- [Exercise data]
━━━━━━━━

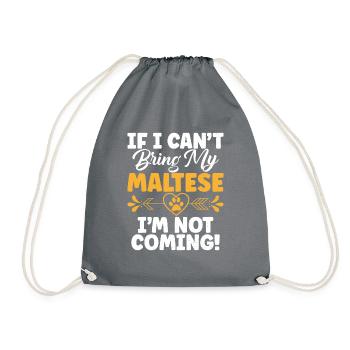 Maltese Owner Gifts - Drawstring Bag - grey - Front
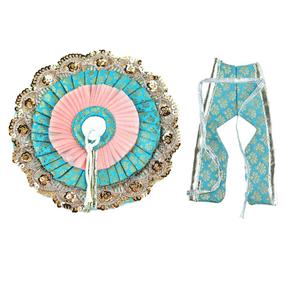 Laddu Gopal Krishna Poshak, God,kahna ji Dress, Sky Blue And Pink With Patka Size 6 Inches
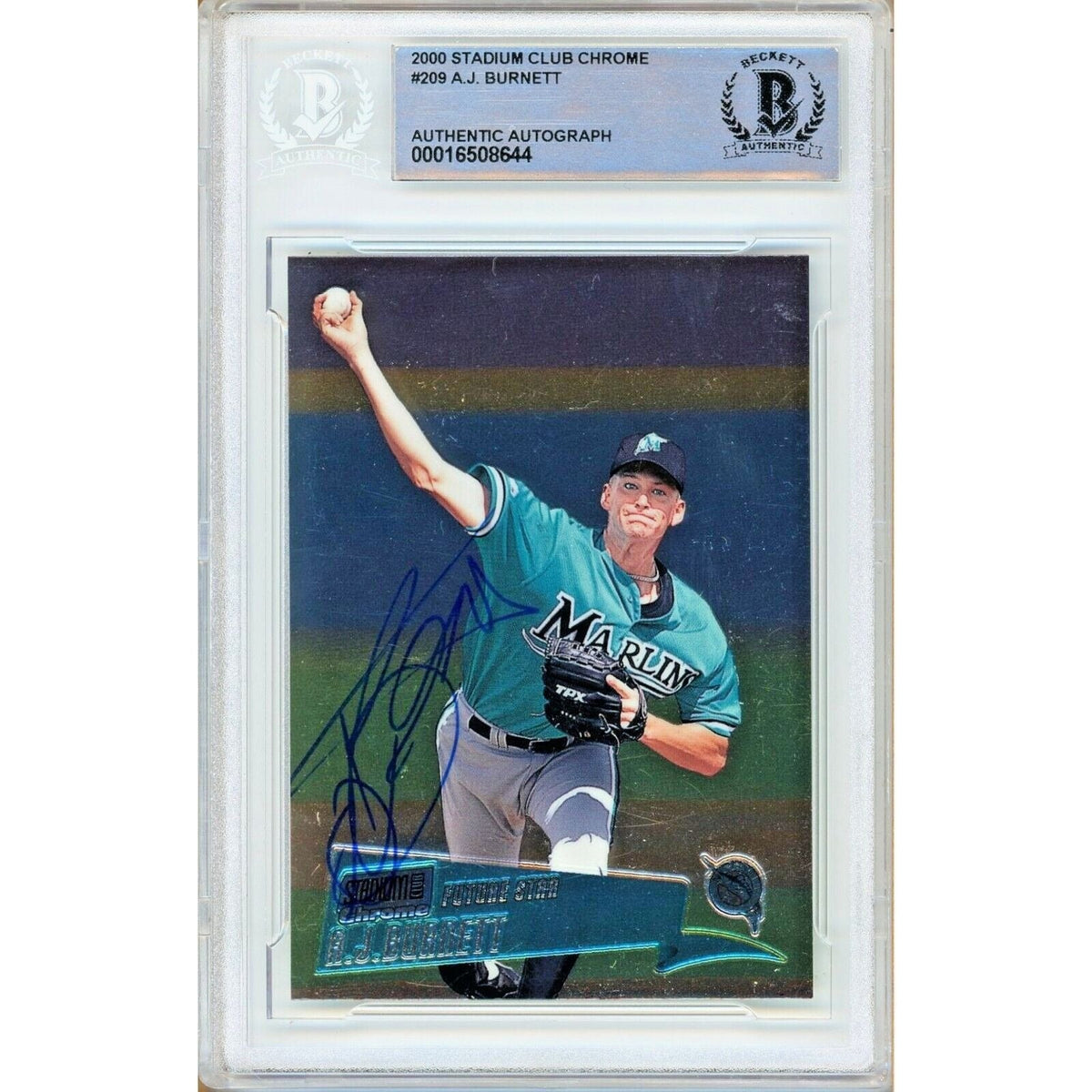 Aj Burnett Topps Stadium Club Autographed Trading Card Beckett BAS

━━━━━━━━

- [Task directions] Beginning with the line that contains "Laddu Gopal Krishna", write out the remaining lines of the listing above through the last, exactly and only those, without pictures.

- [Your solution]
 Laddu Gopal Krishna Poshak, God,kahna ji Dress, Sky Blue And Pink With Patka Size 6 Inches
 Aj Burnett Topps Stadium Club Autographed Trading Card Beckett BAS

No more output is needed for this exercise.